▶ **Aim of the exercise**: Would you reproduce exactly the lines below from the one holding "Celana Jeans Pendek" through the one holding "Inspiraciones creativas para", inclusive, and no others?

▼

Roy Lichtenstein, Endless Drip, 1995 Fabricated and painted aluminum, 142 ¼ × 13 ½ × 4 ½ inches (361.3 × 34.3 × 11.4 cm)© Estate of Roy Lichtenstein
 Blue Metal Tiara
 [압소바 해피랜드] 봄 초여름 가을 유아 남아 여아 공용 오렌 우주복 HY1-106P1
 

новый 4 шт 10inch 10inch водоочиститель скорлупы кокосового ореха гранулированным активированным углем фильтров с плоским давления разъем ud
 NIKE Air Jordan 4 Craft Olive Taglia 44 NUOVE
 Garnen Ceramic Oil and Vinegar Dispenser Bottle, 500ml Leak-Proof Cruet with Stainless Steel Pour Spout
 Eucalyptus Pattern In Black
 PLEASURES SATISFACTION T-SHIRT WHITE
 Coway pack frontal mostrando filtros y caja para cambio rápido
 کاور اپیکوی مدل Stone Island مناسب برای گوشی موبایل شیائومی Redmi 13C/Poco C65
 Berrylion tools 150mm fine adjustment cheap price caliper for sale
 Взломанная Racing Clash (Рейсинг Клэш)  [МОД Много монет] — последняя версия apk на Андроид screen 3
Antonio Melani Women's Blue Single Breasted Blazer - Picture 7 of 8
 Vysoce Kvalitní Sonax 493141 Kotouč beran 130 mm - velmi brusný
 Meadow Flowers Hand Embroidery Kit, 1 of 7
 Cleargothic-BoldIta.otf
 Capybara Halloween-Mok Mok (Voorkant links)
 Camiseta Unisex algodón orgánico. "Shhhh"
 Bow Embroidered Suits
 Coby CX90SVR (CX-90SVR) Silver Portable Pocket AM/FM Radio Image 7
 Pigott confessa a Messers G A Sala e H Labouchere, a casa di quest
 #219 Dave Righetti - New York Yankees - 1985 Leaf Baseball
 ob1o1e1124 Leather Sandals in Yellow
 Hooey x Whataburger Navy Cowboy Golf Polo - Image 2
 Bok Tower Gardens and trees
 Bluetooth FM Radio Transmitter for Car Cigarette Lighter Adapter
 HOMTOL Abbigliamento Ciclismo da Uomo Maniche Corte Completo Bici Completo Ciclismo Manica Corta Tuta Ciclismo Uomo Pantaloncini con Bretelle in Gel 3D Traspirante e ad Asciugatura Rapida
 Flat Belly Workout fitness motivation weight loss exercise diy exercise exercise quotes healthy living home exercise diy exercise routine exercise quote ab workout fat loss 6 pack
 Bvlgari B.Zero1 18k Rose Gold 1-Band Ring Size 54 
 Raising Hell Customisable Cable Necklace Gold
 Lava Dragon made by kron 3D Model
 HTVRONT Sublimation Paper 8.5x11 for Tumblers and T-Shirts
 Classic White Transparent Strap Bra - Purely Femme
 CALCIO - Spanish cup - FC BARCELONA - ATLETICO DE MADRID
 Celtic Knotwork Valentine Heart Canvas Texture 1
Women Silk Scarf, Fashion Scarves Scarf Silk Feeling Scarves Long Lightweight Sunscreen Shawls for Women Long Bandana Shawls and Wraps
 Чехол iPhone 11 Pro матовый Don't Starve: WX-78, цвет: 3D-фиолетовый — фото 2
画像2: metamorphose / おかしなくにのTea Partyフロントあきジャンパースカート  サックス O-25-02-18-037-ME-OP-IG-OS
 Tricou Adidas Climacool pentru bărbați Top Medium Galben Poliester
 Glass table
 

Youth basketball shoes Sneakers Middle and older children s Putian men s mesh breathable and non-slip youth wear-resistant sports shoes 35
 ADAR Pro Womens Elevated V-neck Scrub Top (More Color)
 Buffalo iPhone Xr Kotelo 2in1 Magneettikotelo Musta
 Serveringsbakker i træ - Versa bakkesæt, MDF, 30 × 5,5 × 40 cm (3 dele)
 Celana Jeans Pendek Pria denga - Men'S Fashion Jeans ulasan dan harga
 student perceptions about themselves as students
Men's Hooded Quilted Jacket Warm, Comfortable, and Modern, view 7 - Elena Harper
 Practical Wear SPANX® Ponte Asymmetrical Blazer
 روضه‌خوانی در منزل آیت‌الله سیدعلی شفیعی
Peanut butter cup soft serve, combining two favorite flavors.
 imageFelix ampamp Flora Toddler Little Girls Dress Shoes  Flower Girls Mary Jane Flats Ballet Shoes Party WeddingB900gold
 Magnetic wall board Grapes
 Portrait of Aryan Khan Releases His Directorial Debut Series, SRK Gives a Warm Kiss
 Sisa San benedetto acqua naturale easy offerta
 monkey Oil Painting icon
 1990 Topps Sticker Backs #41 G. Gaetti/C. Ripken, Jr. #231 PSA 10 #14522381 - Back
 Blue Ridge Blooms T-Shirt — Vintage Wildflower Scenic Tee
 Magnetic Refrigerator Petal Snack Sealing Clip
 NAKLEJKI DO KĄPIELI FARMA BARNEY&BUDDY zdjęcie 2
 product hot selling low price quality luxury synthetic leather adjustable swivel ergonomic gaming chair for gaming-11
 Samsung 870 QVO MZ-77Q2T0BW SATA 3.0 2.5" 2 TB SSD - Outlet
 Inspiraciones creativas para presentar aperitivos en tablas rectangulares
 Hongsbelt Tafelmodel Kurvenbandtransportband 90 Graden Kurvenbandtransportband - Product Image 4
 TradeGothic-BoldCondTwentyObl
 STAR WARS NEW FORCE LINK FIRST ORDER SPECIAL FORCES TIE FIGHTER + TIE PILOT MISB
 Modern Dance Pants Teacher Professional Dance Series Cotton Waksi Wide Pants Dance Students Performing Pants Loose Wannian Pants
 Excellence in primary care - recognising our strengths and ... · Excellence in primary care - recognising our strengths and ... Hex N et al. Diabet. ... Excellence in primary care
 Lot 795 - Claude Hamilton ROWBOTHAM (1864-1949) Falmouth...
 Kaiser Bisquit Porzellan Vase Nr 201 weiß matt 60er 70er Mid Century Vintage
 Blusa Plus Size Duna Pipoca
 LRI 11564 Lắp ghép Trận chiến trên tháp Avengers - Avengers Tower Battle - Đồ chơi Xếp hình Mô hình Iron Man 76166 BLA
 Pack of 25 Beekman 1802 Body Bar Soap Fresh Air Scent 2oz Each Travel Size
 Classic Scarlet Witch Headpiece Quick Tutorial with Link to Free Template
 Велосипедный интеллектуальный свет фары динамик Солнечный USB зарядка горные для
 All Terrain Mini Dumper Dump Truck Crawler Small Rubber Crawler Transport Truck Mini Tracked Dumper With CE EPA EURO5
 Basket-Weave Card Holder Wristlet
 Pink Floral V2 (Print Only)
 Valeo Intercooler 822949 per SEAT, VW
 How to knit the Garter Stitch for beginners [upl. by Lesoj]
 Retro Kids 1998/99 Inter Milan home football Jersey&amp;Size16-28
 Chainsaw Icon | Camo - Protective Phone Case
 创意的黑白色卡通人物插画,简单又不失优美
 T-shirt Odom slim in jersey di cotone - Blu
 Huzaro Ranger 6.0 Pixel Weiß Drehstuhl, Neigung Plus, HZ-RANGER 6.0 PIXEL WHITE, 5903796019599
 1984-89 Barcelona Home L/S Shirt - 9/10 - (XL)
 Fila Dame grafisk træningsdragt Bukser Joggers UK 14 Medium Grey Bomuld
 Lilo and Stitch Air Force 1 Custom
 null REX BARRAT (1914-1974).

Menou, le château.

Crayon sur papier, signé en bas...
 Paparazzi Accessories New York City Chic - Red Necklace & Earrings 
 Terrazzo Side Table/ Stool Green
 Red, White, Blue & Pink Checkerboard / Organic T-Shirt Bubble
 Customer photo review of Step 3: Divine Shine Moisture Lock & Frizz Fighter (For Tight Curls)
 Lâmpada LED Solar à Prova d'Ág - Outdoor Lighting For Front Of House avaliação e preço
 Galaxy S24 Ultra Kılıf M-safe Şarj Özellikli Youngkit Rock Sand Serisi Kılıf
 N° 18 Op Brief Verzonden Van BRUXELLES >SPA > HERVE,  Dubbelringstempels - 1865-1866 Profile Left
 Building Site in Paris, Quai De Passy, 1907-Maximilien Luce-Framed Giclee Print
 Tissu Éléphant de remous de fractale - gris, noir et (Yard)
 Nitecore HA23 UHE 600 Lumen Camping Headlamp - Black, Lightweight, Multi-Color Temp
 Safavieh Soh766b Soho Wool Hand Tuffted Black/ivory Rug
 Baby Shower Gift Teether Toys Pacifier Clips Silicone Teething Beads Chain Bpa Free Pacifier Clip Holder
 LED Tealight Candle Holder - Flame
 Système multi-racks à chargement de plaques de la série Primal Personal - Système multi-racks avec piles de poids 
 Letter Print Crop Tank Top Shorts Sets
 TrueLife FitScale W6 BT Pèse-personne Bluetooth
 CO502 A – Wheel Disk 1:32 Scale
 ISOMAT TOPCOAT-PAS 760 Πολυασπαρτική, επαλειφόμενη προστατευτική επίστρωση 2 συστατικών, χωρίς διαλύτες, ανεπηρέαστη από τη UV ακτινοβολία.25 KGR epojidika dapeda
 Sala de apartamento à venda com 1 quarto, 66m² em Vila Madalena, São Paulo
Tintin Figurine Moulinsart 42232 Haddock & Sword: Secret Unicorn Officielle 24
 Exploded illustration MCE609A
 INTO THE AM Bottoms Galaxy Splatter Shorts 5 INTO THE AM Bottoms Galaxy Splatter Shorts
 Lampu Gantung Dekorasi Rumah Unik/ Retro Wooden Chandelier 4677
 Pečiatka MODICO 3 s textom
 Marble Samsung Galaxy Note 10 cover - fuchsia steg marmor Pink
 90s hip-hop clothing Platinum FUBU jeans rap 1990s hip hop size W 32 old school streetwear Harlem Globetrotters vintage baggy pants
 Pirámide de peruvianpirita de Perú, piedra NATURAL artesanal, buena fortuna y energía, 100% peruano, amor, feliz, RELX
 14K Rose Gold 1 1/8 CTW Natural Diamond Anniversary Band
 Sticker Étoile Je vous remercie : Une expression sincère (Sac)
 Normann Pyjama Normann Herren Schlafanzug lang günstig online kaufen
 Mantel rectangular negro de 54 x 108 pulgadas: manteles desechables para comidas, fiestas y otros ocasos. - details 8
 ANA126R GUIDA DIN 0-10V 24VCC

▲

▶ **Response for this exercise**:
 Celana Jeans Pendek Pria denga - Men'S Fashion Jeans ulasan dan harga
 student perceptions about themselves as students
Men's Hooded Quilted Jacket Warm, Comfortable, and Modern, view 7 - Elena Harper
 Practical Wear SPANX® Ponte Asymmetrical Blazer
 روضه‌خوانی در منزل آیت‌الله سیدعلی شفیعی
Peanut butter cup soft serve, combining two favorite flavors.
 imageFelix ampamp Flora Toddler Little Girls Dress Shoes  Flower Girls Mary Jane Flats Ballet Shoes Party WeddingB900gold
 Magnetic wall board Grapes
 Portrait of Aryan Khan Releases His Directorial Debut Series, SRK Gives a Warm Kiss
 Sisa San benedetto acqua naturale easy offerta
 monkey Oil Painting icon
 1990 Topps Sticker Backs #41 G. Gaetti/C. Ripken, Jr. #231 PSA 10 #14522381 - Back
 Blue Ridge Blooms T-Shirt — Vintage Wildflower Scenic Tee
 Magnetic Refrigerator Petal Snack Sealing Clip
 NAKLEJKI DO KĄPIELI FARMA BARNEY&BUDDY zdjęcie 2
 product hot selling low price quality luxury synthetic leather adjustable swivel ergonomic gaming chair for gaming-11
 Samsung 870 QVO MZ-77Q2T0BW SATA 3.0 2.5" 2 TB SSD - Outlet
 Inspiraciones creativas para presentar aperitivos en tablas rectangulares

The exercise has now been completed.